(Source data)

☆ ☆ ☆ ☆

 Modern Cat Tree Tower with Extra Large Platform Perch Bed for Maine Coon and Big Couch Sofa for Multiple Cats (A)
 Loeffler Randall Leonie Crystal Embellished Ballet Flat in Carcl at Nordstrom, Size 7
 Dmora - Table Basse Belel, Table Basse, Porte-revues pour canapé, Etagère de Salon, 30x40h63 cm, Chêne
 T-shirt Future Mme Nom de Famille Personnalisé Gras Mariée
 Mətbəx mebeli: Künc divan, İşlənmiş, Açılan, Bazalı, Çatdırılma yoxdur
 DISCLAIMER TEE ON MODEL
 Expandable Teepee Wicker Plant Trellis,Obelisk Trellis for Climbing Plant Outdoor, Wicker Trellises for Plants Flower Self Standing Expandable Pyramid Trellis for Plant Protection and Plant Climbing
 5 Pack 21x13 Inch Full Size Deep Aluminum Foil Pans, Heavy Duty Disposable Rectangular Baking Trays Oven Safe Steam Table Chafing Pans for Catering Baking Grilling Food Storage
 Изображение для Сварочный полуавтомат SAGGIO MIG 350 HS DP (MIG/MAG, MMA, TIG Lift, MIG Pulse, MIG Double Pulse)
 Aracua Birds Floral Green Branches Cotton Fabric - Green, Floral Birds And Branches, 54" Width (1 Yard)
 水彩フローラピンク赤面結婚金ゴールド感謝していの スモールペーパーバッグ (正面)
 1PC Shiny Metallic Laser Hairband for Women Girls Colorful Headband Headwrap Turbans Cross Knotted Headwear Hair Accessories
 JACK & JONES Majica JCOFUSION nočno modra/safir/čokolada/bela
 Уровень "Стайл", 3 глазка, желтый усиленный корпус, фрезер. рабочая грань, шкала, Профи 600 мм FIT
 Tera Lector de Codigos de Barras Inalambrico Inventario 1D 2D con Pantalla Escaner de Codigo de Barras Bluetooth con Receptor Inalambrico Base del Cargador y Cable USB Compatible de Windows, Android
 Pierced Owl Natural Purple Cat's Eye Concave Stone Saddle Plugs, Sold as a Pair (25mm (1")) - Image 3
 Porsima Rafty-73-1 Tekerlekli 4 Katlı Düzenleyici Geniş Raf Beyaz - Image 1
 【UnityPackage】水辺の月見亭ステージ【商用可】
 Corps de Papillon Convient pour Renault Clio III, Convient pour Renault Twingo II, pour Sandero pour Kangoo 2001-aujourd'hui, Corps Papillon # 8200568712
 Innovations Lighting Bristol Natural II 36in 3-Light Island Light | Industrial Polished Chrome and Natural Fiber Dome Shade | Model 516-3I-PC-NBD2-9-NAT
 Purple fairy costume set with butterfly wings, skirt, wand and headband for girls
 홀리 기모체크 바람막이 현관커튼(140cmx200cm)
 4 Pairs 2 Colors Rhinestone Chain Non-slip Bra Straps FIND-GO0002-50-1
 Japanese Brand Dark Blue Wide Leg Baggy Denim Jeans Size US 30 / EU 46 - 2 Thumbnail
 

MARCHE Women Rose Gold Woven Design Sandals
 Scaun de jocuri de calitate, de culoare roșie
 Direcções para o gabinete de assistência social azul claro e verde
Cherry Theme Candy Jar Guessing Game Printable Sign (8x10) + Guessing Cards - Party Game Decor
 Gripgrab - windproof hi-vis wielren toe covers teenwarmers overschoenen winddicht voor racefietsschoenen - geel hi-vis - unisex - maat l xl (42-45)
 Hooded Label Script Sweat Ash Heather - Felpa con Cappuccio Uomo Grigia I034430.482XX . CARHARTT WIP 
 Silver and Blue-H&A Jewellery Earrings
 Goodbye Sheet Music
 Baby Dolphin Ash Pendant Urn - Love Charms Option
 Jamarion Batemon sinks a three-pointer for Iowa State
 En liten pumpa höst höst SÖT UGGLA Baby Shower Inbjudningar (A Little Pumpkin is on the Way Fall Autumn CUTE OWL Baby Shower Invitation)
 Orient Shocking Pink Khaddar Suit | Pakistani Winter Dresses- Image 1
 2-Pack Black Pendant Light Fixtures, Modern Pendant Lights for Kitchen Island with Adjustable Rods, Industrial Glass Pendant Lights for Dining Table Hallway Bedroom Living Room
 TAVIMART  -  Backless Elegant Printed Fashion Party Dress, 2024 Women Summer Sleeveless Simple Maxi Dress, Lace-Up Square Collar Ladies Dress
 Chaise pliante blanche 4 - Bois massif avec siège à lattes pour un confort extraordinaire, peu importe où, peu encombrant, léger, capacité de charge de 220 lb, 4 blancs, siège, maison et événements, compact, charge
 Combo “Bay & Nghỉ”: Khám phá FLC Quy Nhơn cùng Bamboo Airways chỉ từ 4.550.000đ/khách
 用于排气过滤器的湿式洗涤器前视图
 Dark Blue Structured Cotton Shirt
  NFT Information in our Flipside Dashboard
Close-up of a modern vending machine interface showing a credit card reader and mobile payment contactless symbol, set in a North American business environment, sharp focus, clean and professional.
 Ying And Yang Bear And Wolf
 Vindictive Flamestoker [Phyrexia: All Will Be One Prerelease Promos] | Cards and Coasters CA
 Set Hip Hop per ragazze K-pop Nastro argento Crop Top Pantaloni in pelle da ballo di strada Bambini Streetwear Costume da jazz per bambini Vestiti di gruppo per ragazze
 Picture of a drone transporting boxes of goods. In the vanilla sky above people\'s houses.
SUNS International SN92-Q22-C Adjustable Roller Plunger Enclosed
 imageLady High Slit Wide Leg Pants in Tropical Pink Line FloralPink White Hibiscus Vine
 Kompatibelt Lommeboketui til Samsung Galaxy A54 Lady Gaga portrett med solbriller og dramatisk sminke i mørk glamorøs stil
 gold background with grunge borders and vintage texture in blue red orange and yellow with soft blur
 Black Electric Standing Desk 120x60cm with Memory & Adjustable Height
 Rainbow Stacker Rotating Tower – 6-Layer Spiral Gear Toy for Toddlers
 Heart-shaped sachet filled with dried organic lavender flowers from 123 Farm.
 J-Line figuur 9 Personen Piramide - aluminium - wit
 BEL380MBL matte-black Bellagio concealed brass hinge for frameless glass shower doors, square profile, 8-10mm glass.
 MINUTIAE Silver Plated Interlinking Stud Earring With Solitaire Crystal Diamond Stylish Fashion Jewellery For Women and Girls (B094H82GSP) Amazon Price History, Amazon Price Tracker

☆ ☆ ☆ ☆

The range runs from the line above containing "Innovations Lighting Bristol" to the line containing "Scaun de jocuri", inclusive. Restate those lines word for word and no others.

 Innovations Lighting Bristol Natural II 36in 3-Light Island Light | Industrial Polished Chrome and Natural Fiber Dome Shade | Model 516-3I-PC-NBD2-9-NAT
 Purple fairy costume set with butterfly wings, skirt, wand and headband for girls
 홀리 기모체크 바람막이 현관커튼(140cmx200cm)
 4 Pairs 2 Colors Rhinestone Chain Non-slip Bra Straps FIND-GO0002-50-1
 Japanese Brand Dark Blue Wide Leg Baggy Denim Jeans Size US 30 / EU 46 - 2 Thumbnail
 

MARCHE Women Rose Gold Woven Design Sandals
 Scaun de jocuri de calitate, de culoare roșie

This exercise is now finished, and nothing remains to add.